Think about it this way: We need to put a large tax on gasoline NOT for the purpose of "controlling citizens" but instead as a method of paying for all of the externalized costs of using fossil fuel (such as wars in the Middle East, dealing with the effects of global warming, etc.). We can then hand that money directly back to the same citizens IN CASH so that they can use it as they see fit. If they still want to use it to pay for gas to drive everywhere, fine. They are free to do that. My bet is most will choose to pocket the money and ride a train or a bicycle.

Comment Re:Don't kill freight trains for passenger ones (Score 1) 1139

Secondly mozumder here. Putting the passenger trains on the freight lines is how we do it right now and, frankly, it's bad for both systems.
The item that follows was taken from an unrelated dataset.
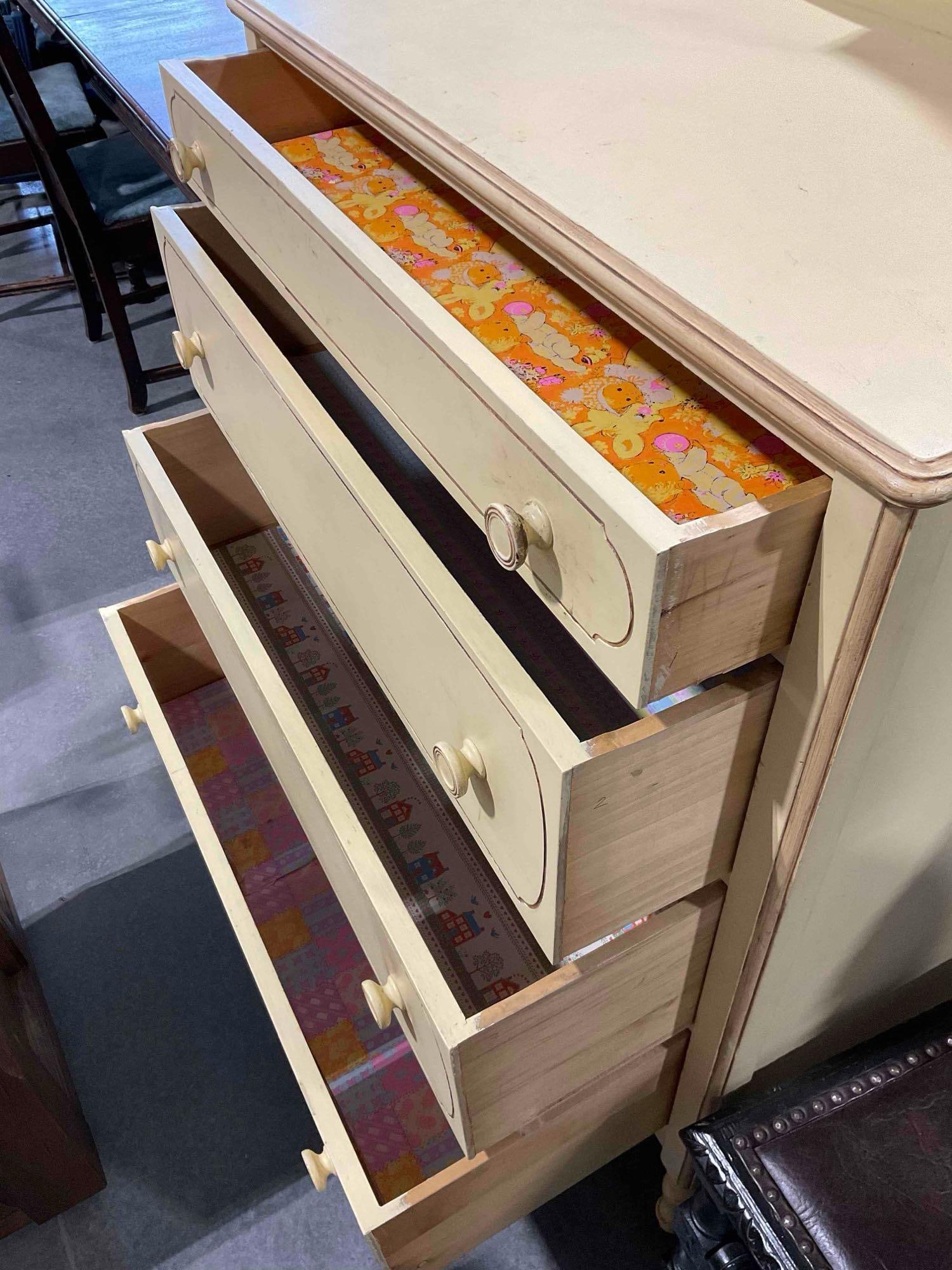Vintage Butter Yellow Painted Wood 4-Drawer Dresser on Castors. Good Condition. See pics. - 6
Any serious effort at high speed rail in the United States is definitely going to have to involve building a substantial amount of new, exclusive right-of-way.

Comment Re:Unintended consequences (Score 1) 1139

ALL of the land used in the major cities to build the interstate highway system was already occupied. That didn't stop us then. Why should this stop us now? Sure, it is expensive, but then so is any kind of major investment in infrastructure. If we keep putting necessary changes off because "they cost too much" pretty soon we will surely find ourselves "last in the world" in terms of the quality of that infrastructure.

Comment Re:No. (Score 1) 1139

I don't know about that.

The United States used to have a pretty extensive privately owned and operated rail system which lasted about a hundred years and went virtually everywhere.

The thing that put an end to that was neither the invention of the mass-produced car (The model T was introduced in 1908) nor the availability of cheap oil (~1880 until ~1970): It was the building (almost exclusively with federal money, and entirely with public dollars) of the interstate highway system, and the massive federally funded effort to pave all of the state routes (and most other roads) that took place after World War II.

Considering that at the time, the railroads had to pick up the cost of their own track building and maintenance, and pass that cost on to their customers, it's no wonder that within the next two decades our previously expansive and prosperous private railroad network had to be propped up by the federal government just to stay in existence.

Comment Re:$8 billion? Is that all? (Score 1) 1139

All things considered the Big Dig was a pretty good deal if you consider what the project entailed. Yes, it had its cost overruns, but they were not significantly out of proportion with the overall size of the project compared to other projects of that size. By far the biggest reason that the final project cost was so far above the original estimate is that project took so long to complete that the value of the dollar fell by about 60% between the day they finalized the initial cost estimate and the day they opened the Central Artery tunnel.

Comment Re:Don't target cars (Score 1) 1139

If we were to build a high speed rail line that was comparable speed-wise with the current state-of-the-art (about 175-200 mph, in China, currently), the ~790 mile journey from Chicago to New York in about 4 and a half hours. I firmly believe that if such a train existed, it would be more popular than the current air route which is, of course, one of the most popular in the world. Given that, I think it would also offset its obviously enormous cost in less time than it would take to pay it off.

And this is without even taking into account how the cost of air travel would be affected by the inevitable return of $145/barrel oil (which WILL come once the economy rebounds).